The problem of gossip is a problem of the heart, and so the correction needs to happen in the deepest recesses of the heart. A heart problem isn’t corrected by a resolve to hold your tongue. It takes nothing less than the Holy Spirit changing attitudes, leading to genuine repentance, which then opens the way for unity to be restored.

4. Refusing to forgive

Bitterness and resentment are poisons. Unforgiveness poisons the soul and it poisons the body of Christ.

The church is, by nature, a fellowship rooted in forgiveness. What does that mean, practically speaking? 17th-century Puritan Thomas Watson said forgiveness looks like this: you don’t seek revenge when someone offends you, you wish him well, you grieve at his calamities, you pray for him, you seek reconciliation, and show yourself willing to come to his aid.

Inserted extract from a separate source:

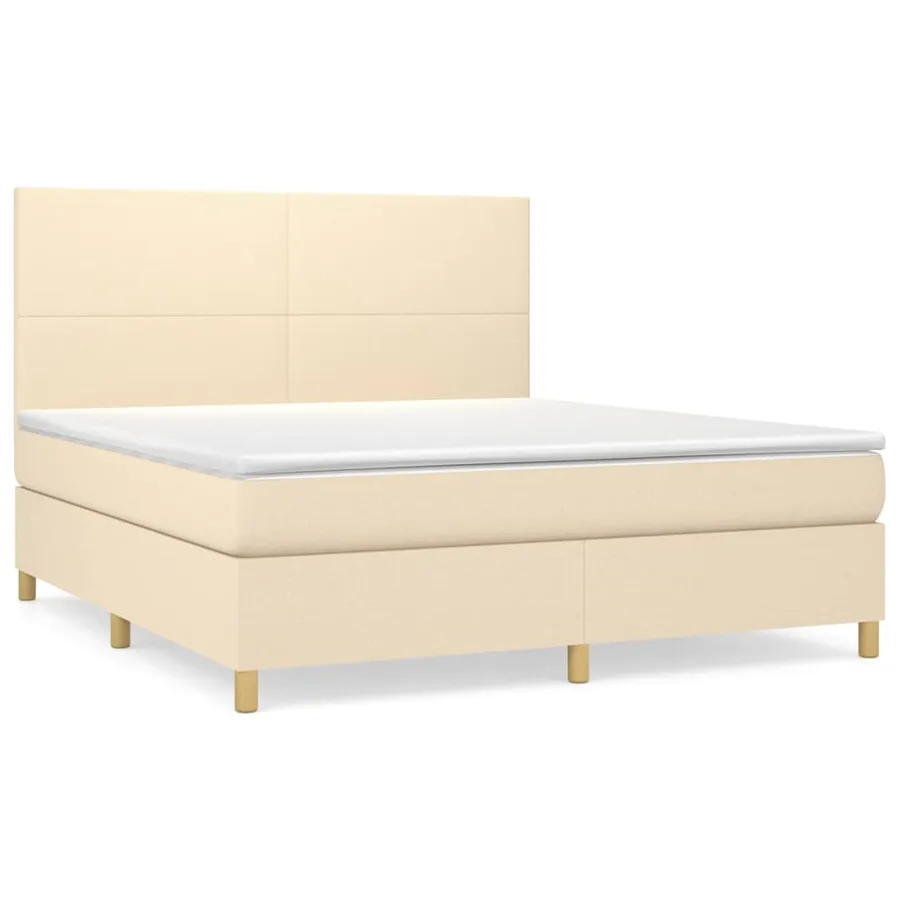 Sommier à lattes de lit avec matelas Crème 180x200 cm Tissu - 2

That’s what forgiveness looks like, and that’s what it takes to maintain unity.

5. Taking our eyes off Jesus

This last one is the most insidious of all the threats to church harmony.

In The Pursuit of God, A.W. Tozer wrote: “Has it ever occurred to you that one hundred pianos all tuned to the same fork are automatically tuned to each other? They are of one accord by being tuned, not to each other, but to another standard to which each one must individually bow. So one hundred worshipers met together, each one looking away to Christ, are in heart nearer to each other than they could possibly be, were they to become ‘unity’ conscious and turn their eyes away from God to strive for closer fellowship.”

It’s time for a tuning, don’t you think?

“Live in harmony with one another.” (‭Romans‬ ‭12‬:‭16‬, ESV)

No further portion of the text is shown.